The reply is to be an exact repetition of the entries that follow, with each picture left out.

═══ Exercise materials ═══

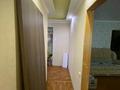 1-бөлмелі пәтер · 31.93 м² · 2/4 қабат, Космическая 4 — Площадь Ушанова, бағасы: 12 млн ₸ в Усть-Каменогорске, Ульбинский — фото 6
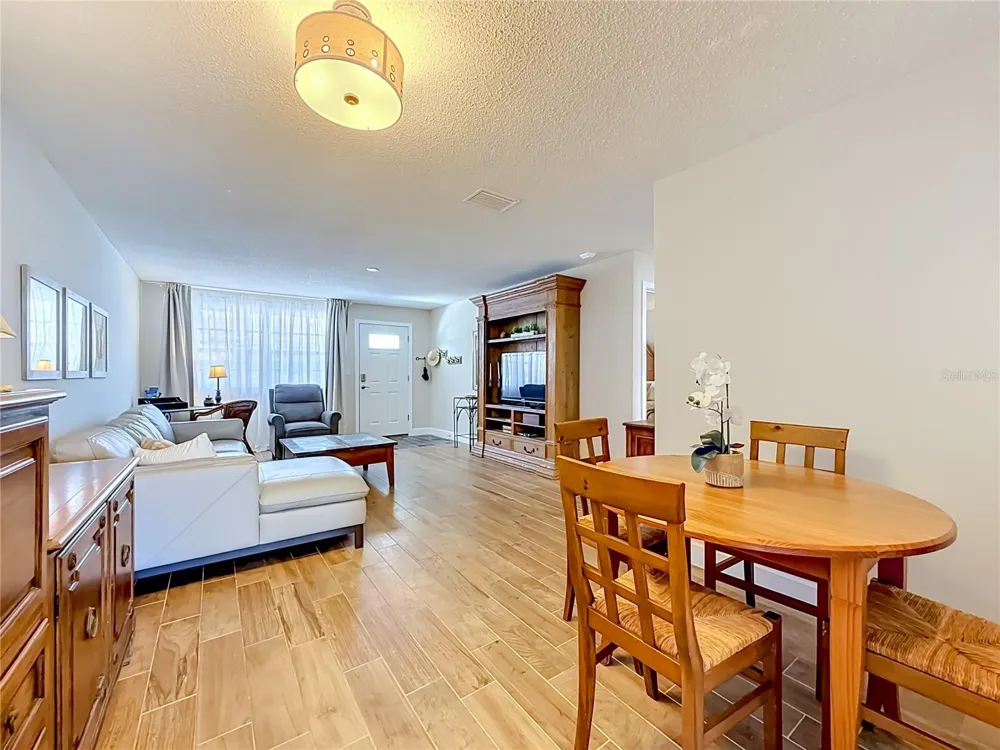 5925 SHORE BOULEVARD S #107 Gulfport, FL 33707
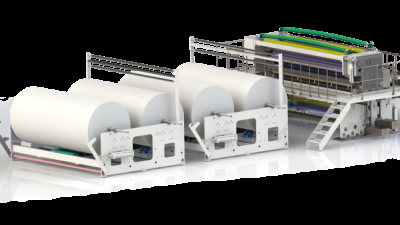 廣州探索技術有限公司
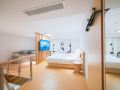 haiyou-hotel-chengdu-gaoxin-electronic-science-and-technology-university-branch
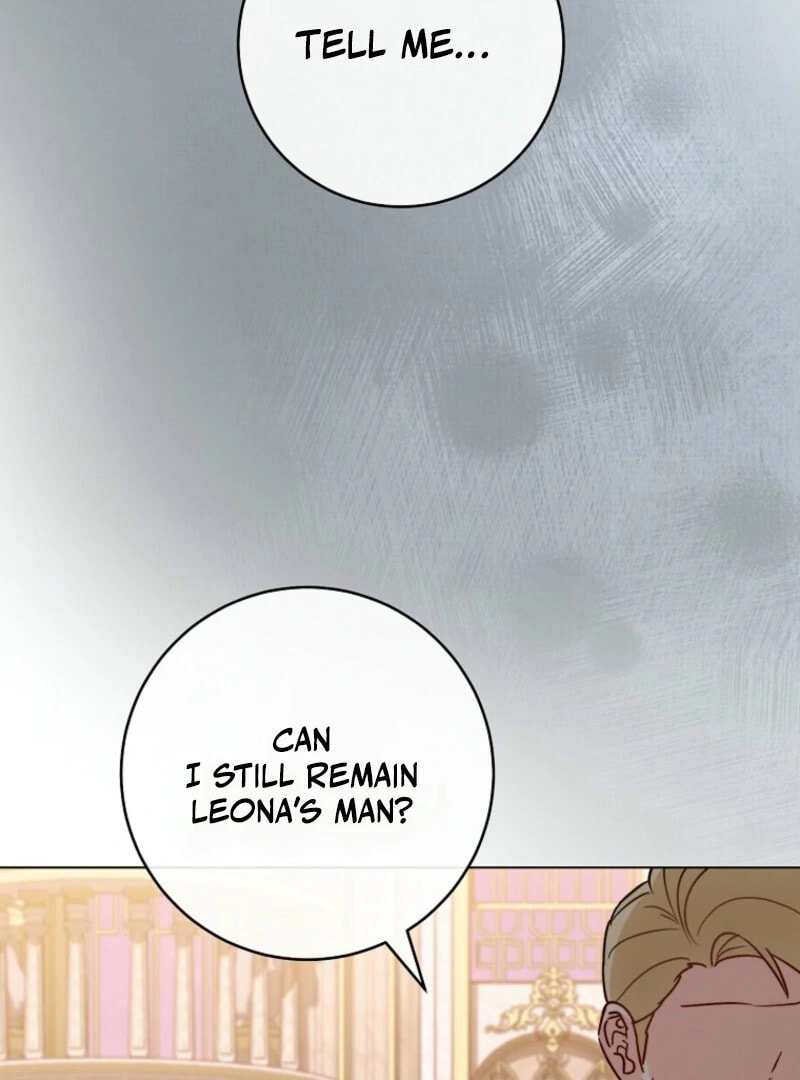 Read Lady Chef Royale chapter 195 image 99 on Lezhin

═══

* [Solution to the exercise]
 1-бөлмелі пәтер · 31.93 м² · 2/4 қабат, Космическая 4 — Площадь Ушанова, бағасы: 12 млн ₸ в Усть-Каменогорске, Ульбинский — фото 6
 5925 SHORE BOULEVARD S #107 Gulfport, FL 33707
 廣州探索技術有限公司
 haiyou-hotel-chengdu-gaoxin-electronic-science-and-technology-university-branch
 Read Lady Chef Royale chapter 195 image 99 on Lezhin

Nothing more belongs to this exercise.